Mexico’s leftwing presidential candidate, Andrés Manuel López Obrador, has called on Enrique Peña Nieto, the current favourite to win the election on 1 July, to come clean about the alleged purchase of favourable coverage on Mexico’s biggest television network. His comments came a day after the Guardian published documents implicating the Televisa network in the sale of news and entertainment content to promote Peña Nieto’s national profile when he was the governor of Mexico state and preparing his presidential bid. “They should hand over all the information, the contracts, that they haven’t wanted to show,” López Obrador told reporters. “Of course they have them, and we need to see how much they paid, for what kind of message, and if they include all the promotion of Peña Nieto on the television.” López Obrador, who represents a coalition of leftist parties called the Progressive Movement – and who in the past has also been criticised for failing to release details of his own publicity budget – said he wanted to study the documents before saying anything more. López Obrador did not mention the PowerPoint presentation mentioned in the Guardian story that detailed an apparent strategy within Televisa to destroy his first bid for the presidency in the 2006 election.

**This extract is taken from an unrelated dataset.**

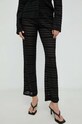 Résumé pantaloni drept negru 17440964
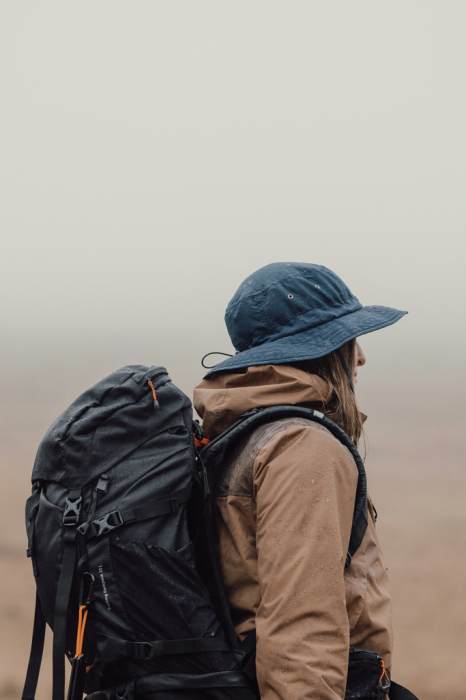 Palarie bucket UPF 50+ Nordic Drift RCS nylon reciclat [6]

Several leading Mexican newspapers and radio shows led on the Guardian report in their Friday editions, and the story has become a trending topic on Twitter in the country. The allegations are particularly sensitive in the current electoral climate, in which student demonstrators accusing Televisa of favouring Peña Nieto have turned alleged media bias into a central issue of the campaign.
In response to a question about the documents on Friday, Peña Nieto told reporters that “they have no solid basis and are not authentic”. The candidate insisted that all publicity spending during his years as governor of the State of Mexico is publicly open to scrutiny on an official website.